======== Exercise input

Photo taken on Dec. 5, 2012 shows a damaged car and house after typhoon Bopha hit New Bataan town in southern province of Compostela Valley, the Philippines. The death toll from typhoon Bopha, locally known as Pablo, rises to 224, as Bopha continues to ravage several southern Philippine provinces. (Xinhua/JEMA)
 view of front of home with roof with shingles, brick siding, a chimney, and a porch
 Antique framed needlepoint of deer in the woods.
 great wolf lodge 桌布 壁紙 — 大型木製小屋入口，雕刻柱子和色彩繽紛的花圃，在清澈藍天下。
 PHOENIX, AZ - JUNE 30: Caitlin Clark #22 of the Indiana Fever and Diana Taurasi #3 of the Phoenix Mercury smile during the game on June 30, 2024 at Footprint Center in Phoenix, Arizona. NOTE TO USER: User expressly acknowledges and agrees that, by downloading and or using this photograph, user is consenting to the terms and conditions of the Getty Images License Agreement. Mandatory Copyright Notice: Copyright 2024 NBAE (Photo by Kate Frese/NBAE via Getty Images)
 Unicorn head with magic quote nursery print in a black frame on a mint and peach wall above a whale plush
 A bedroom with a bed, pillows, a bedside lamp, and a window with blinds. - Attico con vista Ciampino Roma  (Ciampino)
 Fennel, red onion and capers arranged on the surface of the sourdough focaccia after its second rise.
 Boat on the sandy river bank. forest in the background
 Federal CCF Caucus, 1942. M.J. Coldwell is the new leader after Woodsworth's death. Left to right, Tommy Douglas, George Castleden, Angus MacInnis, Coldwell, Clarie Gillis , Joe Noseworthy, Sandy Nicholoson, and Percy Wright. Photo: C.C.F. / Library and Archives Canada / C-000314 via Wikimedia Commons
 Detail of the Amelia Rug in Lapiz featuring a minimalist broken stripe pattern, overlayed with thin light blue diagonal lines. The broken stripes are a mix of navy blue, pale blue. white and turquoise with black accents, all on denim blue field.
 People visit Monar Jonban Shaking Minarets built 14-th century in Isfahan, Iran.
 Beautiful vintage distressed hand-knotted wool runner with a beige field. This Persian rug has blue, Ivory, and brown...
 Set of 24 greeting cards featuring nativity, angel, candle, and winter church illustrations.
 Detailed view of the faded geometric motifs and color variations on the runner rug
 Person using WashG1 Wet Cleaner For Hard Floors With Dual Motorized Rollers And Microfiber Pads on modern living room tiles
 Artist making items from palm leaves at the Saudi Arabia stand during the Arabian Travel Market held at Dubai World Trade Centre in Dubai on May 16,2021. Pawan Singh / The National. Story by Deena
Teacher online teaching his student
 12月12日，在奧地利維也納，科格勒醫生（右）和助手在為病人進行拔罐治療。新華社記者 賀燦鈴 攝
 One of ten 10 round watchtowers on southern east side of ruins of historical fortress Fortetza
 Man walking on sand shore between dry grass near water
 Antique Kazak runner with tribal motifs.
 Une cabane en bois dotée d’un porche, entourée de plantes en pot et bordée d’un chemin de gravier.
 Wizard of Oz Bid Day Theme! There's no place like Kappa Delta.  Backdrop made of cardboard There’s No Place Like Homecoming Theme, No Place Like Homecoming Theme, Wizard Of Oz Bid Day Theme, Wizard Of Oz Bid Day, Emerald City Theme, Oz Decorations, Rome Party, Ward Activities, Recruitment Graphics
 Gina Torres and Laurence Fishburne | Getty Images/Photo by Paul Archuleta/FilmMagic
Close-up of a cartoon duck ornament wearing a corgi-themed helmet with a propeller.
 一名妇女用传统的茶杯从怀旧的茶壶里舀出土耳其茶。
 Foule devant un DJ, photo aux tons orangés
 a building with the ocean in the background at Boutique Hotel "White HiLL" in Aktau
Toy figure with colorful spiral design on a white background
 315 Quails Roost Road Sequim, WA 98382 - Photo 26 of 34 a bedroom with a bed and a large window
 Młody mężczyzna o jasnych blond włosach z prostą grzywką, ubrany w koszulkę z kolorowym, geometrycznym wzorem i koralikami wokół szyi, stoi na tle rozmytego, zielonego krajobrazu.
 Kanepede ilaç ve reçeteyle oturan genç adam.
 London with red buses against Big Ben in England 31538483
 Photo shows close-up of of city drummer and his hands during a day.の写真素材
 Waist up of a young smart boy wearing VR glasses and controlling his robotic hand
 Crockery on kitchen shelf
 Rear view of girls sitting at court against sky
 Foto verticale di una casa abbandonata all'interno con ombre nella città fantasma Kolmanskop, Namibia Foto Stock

================

Please give an exact copy of the entries above, from the line with "Federal CCF Caucus, 1942." down to the line with "Toy figure with", inclusive, and nothing else.

 Federal CCF Caucus, 1942. M.J. Coldwell is the new leader after Woodsworth's death. Left to right, Tommy Douglas, George Castleden, Angus MacInnis, Coldwell, Clarie Gillis , Joe Noseworthy, Sandy Nicholoson, and Percy Wright. Photo: C.C.F. / Library and Archives Canada / C-000314 via Wikimedia Commons
 Detail of the Amelia Rug in Lapiz featuring a minimalist broken stripe pattern, overlayed with thin light blue diagonal lines. The broken stripes are a mix of navy blue, pale blue. white and turquoise with black accents, all on denim blue field.
 People visit Monar Jonban Shaking Minarets built 14-th century in Isfahan, Iran.
 Beautiful vintage distressed hand-knotted wool runner with a beige field. This Persian rug has blue, Ivory, and brown...
 Set of 24 greeting cards featuring nativity, angel, candle, and winter church illustrations.
 Detailed view of the faded geometric motifs and color variations on the runner rug
 Person using WashG1 Wet Cleaner For Hard Floors With Dual Motorized Rollers And Microfiber Pads on modern living room tiles
 Artist making items from palm leaves at the Saudi Arabia stand during the Arabian Travel Market held at Dubai World Trade Centre in Dubai on May 16,2021. Pawan Singh / The National. Story by Deena
Teacher online teaching his student
 12月12日，在奧地利維也納，科格勒醫生（右）和助手在為病人進行拔罐治療。新華社記者 賀燦鈴 攝
 One of ten 10 round watchtowers on southern east side of ruins of historical fortress Fortetza
 Man walking on sand shore between dry grass near water
 Antique Kazak runner with tribal motifs.
 Une cabane en bois dotée d’un porche, entourée de plantes en pot et bordée d’un chemin de gravier.
 Wizard of Oz Bid Day Theme! There's no place like Kappa Delta.  Backdrop made of cardboard There’s No Place Like Homecoming Theme, No Place Like Homecoming Theme, Wizard Of Oz Bid Day Theme, Wizard Of Oz Bid Day, Emerald City Theme, Oz Decorations, Rome Party, Ward Activities, Recruitment Graphics
 Gina Torres and Laurence Fishburne | Getty Images/Photo by Paul Archuleta/FilmMagic
Close-up of a cartoon duck ornament wearing a corgi-themed helmet with a propeller.
 一名妇女用传统的茶杯从怀旧的茶壶里舀出土耳其茶。
 Foule devant un DJ, photo aux tons orangés
 a building with the ocean in the background at Boutique Hotel "White HiLL" in Aktau
Toy figure with colorful spiral design on a white background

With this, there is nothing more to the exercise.